Due to the importance of cotton production for the country and the historic expertise on cotton farming and production developed during the past century, Uzbekistan has prioritized and promoted the breeding programs, leading to a collection of one of the richest cotton germplasm resources in the world. Developed and maintained by several leading cotton research institutions in Uzbekistan, cotton germplasm collections preserve over 25,000 major cotton germplasm accessions of Gossypium species, wild, primitive, pre-domesticated landraces stocks, cultivar and breeding lines, mutants, genetic and cytogenetic stocks, and various types of within and between cotton gene pool hybrids. These resources were collected from the centres of origins of Gossypium species during scientific expeditions and through germplasm exchange with world germplasm centres, and developed by scientists and breeders of Uzbekistan for the past century. Consequently, these germplasm resources were the basis for the development of Uzbekistan's main commercial cultivars with early maturity and high productivity, making cotton profitable in the northernmost cotton growing country. This greatest achievement and commitment of cotton breeders timely responded and solved many past and current problems of cotton production as well as it will help to sustain the cotton production in Uzbekistan in the future.

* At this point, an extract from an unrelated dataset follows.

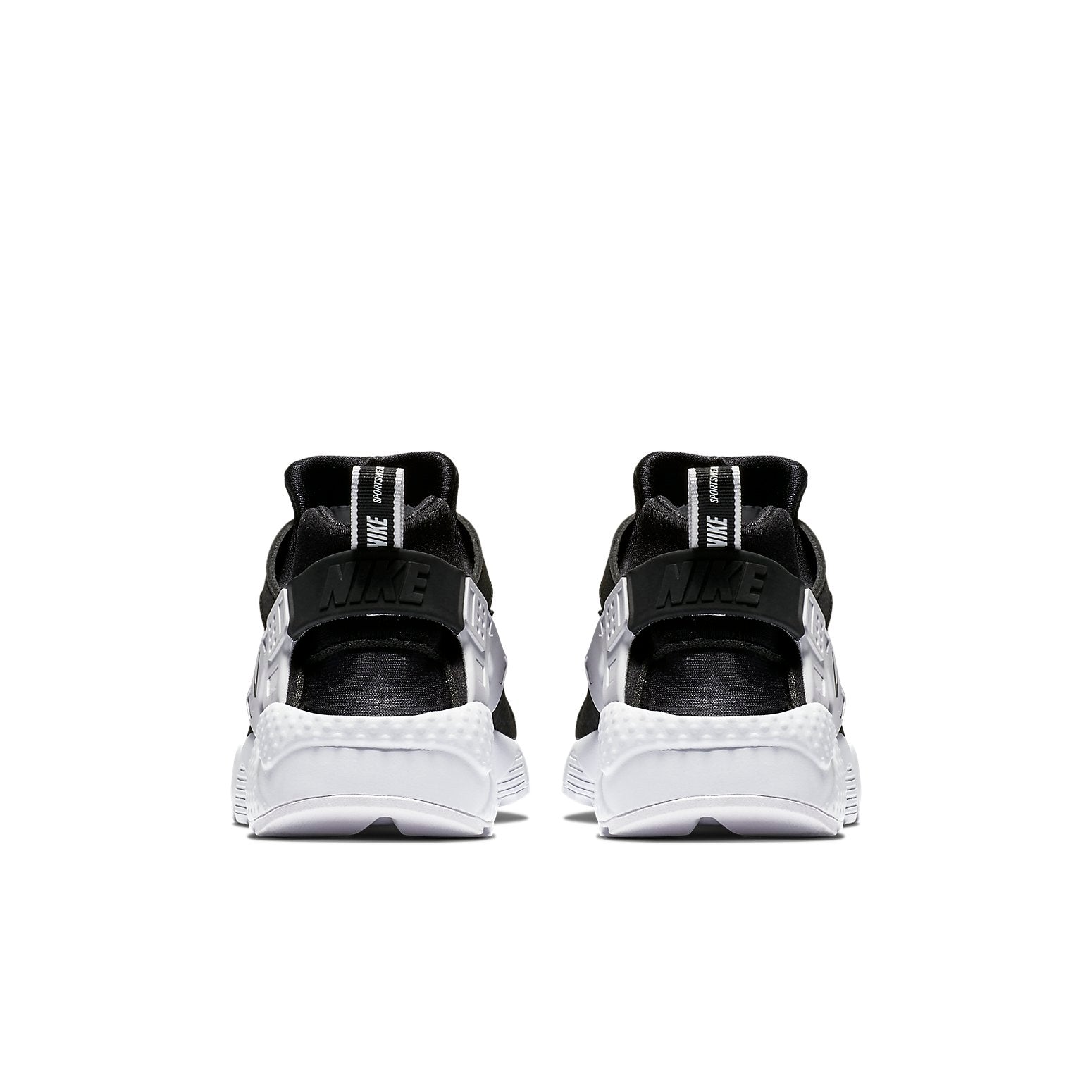 (GS) Nike Huarache Run SE 'Black' 909143-006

Although each cotton collection has its own specific goals and objectives for preserved materials, there is a huge need for conducting joint re-inventory for clarification of redundancies between some of collections. There is a need for building short-term and long term cold storage rooms for all collections available in the country to better preserve the collection for future generations and cotton production. Moreover, although initial efforts have been made, coordinated efforts are needed to create a unified electronic database to systematize the germplasm records for all collections that will help for better utilization of the accessions in the breeding programs.

There are over 5,000 novel germplasm resources that were developed for past decade of collaborative efforts on molecular genetic characterization of cotton germplasm resources and establishment of modern MAS and GM programs. The modern cotton genomics and bioinformatics programs in combination with conventional cotton breeding efforts will further enhance the characterization and utilization as well as efficient documentation and systematization of the germplasm resources in Uzbekistan.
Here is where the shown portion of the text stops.